Leonard Cohen at home in Los Angeles in September, 2016. Photograph by Graeme Mitchell for The New Yorker
When Leonard Cohen was twenty-five, he was living in London, sitting in cold rooms writing sad poems. He got by on a three-thousand-dollar grant from the Canada Council for the Arts. This was 1960, long before he played the festival at the Isle of Wight in front of six hundred thousand people. In those days, he was a Jamesian Jew, the provincial abroad, a refugee from the Montreal literary scene. Cohen, whose family was both prominent and cultivated, had an ironical view of himself. He was a bohemian with a cushion whose first purchases in London were an Olivetti typewriter and a blue raincoat at Burberry. Even before he had much of an audience, he had a distinct idea of the audience he wanted. In a letter to his publisher, he said that he was out to reach “inner-directed adolescents, lovers in all degrees of anguish, disappointed Platonists, pornography-peepers, hair-handed monks and Popists.”

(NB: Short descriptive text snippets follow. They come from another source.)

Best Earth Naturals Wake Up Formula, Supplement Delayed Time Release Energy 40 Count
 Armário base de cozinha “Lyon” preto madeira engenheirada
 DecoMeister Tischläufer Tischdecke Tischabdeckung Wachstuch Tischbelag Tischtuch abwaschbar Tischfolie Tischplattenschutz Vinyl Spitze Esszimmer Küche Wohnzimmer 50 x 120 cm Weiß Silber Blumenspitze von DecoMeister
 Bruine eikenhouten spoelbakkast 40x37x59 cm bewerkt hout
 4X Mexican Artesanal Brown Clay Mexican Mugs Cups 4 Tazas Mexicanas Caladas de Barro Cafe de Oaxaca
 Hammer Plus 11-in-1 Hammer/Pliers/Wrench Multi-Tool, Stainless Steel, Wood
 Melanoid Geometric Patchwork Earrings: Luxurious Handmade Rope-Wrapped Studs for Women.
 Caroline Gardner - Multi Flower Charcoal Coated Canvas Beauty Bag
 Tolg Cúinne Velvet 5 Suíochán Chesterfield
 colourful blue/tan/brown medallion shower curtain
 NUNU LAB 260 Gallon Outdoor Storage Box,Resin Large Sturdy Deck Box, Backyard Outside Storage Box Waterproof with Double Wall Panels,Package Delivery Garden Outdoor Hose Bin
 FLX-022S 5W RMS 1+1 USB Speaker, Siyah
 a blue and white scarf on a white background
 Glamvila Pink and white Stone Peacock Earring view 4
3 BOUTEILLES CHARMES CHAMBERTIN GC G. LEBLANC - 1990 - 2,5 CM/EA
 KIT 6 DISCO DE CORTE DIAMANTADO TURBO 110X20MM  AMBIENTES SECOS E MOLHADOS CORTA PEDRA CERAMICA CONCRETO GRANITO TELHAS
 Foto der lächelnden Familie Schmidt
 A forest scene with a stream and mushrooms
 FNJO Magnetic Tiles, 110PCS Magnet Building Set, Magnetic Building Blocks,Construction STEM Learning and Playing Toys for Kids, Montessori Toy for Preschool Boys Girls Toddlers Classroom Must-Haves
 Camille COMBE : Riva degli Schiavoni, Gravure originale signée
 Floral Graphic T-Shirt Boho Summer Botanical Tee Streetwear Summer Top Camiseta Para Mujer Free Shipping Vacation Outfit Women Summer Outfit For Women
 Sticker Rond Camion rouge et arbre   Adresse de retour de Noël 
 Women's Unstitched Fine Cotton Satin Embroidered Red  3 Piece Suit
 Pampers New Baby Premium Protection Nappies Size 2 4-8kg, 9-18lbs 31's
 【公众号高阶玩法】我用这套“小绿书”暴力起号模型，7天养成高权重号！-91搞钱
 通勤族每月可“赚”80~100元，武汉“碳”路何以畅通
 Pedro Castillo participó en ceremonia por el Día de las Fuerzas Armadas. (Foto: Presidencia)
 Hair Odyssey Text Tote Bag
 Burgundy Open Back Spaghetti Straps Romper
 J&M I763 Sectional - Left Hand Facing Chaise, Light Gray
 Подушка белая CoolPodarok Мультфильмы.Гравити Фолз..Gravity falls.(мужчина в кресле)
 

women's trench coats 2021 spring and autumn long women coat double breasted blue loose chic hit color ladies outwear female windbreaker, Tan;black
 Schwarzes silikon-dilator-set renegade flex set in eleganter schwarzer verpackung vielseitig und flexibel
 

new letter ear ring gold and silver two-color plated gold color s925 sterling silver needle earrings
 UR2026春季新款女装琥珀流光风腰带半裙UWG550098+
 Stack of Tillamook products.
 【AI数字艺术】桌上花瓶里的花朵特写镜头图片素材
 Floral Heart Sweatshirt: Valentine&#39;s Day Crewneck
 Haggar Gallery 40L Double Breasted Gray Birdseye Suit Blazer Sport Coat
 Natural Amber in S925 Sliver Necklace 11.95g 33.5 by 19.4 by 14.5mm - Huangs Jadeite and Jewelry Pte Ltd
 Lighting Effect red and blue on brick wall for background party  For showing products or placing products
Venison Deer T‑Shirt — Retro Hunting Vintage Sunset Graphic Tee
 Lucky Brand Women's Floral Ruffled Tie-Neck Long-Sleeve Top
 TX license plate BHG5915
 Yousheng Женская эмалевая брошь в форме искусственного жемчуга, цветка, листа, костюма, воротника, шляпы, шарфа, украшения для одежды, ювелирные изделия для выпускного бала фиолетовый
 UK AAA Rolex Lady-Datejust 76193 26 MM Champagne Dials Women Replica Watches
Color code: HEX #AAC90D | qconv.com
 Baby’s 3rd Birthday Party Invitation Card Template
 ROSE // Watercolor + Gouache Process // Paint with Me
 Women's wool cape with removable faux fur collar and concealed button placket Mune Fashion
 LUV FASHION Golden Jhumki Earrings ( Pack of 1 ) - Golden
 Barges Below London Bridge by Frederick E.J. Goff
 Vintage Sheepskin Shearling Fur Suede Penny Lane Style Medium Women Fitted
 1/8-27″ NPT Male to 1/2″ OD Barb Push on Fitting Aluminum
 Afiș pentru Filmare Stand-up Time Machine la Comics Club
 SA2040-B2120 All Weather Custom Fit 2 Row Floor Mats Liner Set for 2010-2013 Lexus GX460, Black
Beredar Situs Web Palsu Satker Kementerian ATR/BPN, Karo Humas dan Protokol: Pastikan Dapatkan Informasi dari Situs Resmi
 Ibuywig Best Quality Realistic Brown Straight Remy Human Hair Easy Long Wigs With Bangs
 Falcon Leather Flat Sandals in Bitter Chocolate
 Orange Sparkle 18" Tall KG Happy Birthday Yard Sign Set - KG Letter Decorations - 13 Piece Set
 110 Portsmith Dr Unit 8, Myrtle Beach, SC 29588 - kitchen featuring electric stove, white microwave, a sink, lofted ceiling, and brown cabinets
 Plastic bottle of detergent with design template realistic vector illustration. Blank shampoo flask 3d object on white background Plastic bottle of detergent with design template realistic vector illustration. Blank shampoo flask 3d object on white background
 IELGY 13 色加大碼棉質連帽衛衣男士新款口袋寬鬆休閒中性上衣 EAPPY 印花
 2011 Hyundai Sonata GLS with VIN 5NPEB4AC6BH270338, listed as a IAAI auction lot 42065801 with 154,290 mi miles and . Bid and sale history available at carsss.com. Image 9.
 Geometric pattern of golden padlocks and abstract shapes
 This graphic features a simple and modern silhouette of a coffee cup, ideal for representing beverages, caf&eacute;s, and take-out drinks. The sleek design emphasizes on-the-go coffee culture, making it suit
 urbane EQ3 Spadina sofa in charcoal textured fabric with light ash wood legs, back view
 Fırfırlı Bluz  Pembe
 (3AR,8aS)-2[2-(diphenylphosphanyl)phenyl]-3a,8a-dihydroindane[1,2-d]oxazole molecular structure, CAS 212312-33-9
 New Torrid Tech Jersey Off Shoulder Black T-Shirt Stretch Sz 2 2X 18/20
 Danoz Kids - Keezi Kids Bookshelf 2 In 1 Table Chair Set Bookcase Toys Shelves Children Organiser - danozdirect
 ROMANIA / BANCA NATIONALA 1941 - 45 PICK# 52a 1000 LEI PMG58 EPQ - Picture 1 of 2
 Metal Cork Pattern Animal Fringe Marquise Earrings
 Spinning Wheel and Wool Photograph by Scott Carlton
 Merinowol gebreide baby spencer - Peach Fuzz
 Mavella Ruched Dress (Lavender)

Cohen was growing weary of London’s rising damp and its gray skies. An English dentist had just yanked one of his wisdom teeth. After weeks of cold and rain, he wandered into a bank and asked the teller about his deep suntan. The teller said that he had just returned from a trip to Greece. Cohen bought an airline ticket.
Not long afterward, he alighted in Athens, visited the Acropolis, made his way to the port of Piraeus, boarded a ferry, and disembarked at the island of Hydra. With the chill barely out of his bones, Cohen took in the horseshoe-shaped harbor and the people drinking cold glasses of retsina and eating grilled fish in the cafés by the water; he looked up at the pines and the cypress trees and the whitewashed houses that crept up the hillsides. There was something mythical and primitive about Hydra. Cars were forbidden. Mules humped water up the long stairways to the houses. There was only intermittent electricity. Cohen rented a place for fourteen dollars a month. Eventually, he bought a whitewashed house of his own, for fifteen hundred dollars, thanks to an inheritance from his grandmother.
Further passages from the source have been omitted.